June 3 (Bloomberg) -- Euro-area bonds declined, with German 10-year yields rising for a fourth day, as investors considered whether European Central Bank policy makers will introduce unconventional easing measures this week.
French bonds slid with Irish and Belgian securities. They’re retreating after bets the central bank will cut interest rates and pursue additional measures on June 5 pushed yields on government debt across the region to a record-low last week, based on Bank of America Merrill Lynch indexes. A measure of German inflation expectations was five basis points from the lowest in two years as data today showed euro-area consumer-price gains slowed more than economists forecast in May.
“What we’re seeing is a reflection that expectations for Thursday’s meeting are quite high and the market is already pricing in some room for disappointment,” said Michael Leister, a senior fixed-income strategist at Commerzbank AG in London. “The rate side of things is pretty clear but there is a decent amount of uncertainty about what will come on top of that. There’s probably some sobering up going on now.”
The yield on benchmark German 10-year bunds increased four basis points, or 0.04 percentage point, to 1.41 percent at 4:28 p.m. London time. The rate had risen three basis points in the previous three days. The 1.5 percent security due in May 2024 fell 0.365, or 3.65 euros per 1,000-euro ($1,363) face amount, to 100.84.
A surge in euro-area sovereign bonds generated returns of more than 6 percent this year, according to Bloomberg World Bond Indexes. The gains helped Greece, the best performer, to sell bonds in April for the first time since 2010 and pushed borrowing costs to record lows from Ireland to Italy. While the rally began with investors moving back into markets they shunned during the region’s four-year debt crisis, it extended on bets the ECB will take more steps to lower interest rates.
ECB President Mario Draghi said in Portugal last week that policy makers need to be “particularly watchful” of low inflation. All but two of 60 economists surveyed by Bloomberg forecast policy makers will cut the benchmark rate from a record-low 0.25 percent on Thursday. The ECB will also lower its deposit rate below zero, according to most analysts in a separate survey.
Euro-region inflation fell to 0.5 percent from 0.7 percent in April, the European Union’s statistics office in Luxembourg said. The median forecast in a Bloomberg News survey of economists was for a decline to 0.6 percent. The rate has been less than half the ECB’s target for eight months.

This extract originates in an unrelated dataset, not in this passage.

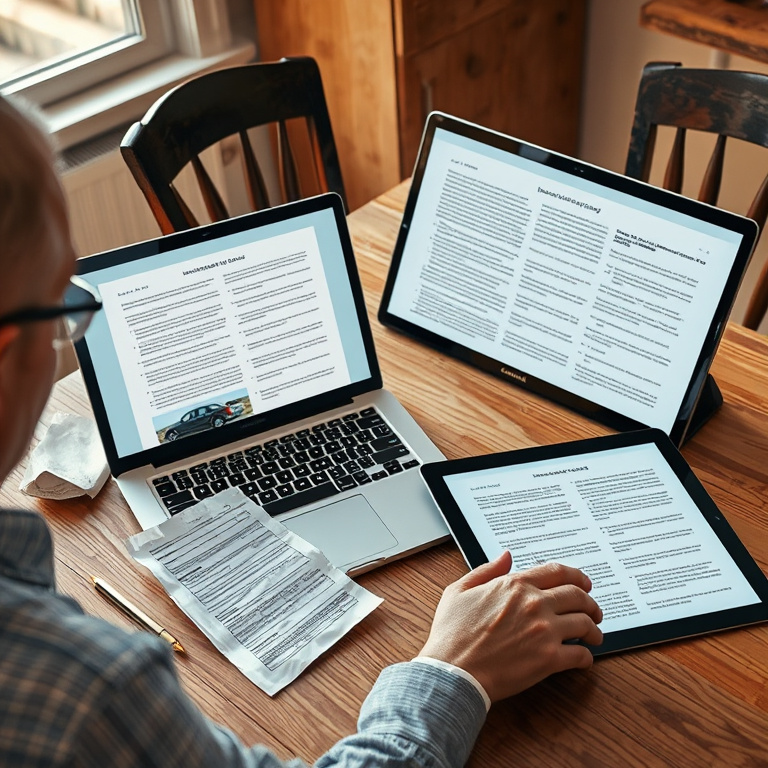 AI PDF Translation for Insurance Claims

“The ECB’s low-inflation fears are likely to be raised by today’s CPI data,” Steve Barrow, the head of Group-of-10 research at Standard Bank Plc in London, wrote in an investor report before the consumer-price index was released. “Bond yields in the euro zone have much further to fall even if some countries have already started to see record-low yields.”
Barrow predicts the 10-year German rate will drop below its 1.127 percent record low and reach 1 percent, with “yields in other countries in the region falling in tandem.”

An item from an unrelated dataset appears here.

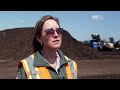 NY turns food scraps into black gold to fight climate change | REUTERS  - 02:28 min - News - Video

The rate on 10-year Irish bonds rose two basis points to 2.60 percent, while the yield on similar-maturity French bonds climbed four basis points to 1.81 percent.
Belgium’s 10-year rate increased four basis points to 1.94 percent, while Spain’s 10-year yield was little changed at 2.85 percent after earlier dropping as much as four basis points.
Germany’s 10-year break-even rate, a measure of inflation expectations derived from the difference in yield between conventional and index-linked securities was at 1.35 percentage points. The rate fell to 1.30 percentage points in February, the lowest since May 2012, based on closing prices.
The average yield to maturity on euro-area bonds fell to 1.4271 percent on May 28, and was at 1.4497 percent yesterday, according to the Bank of America Merrill Lynch Euro Government Index.
German securities gained 4.1 percent this year through yesterday, according to the Bloomberg World Bond Indexes. Spanish bonds returned 8.3 percent and Italy’s earned 7.5 percent.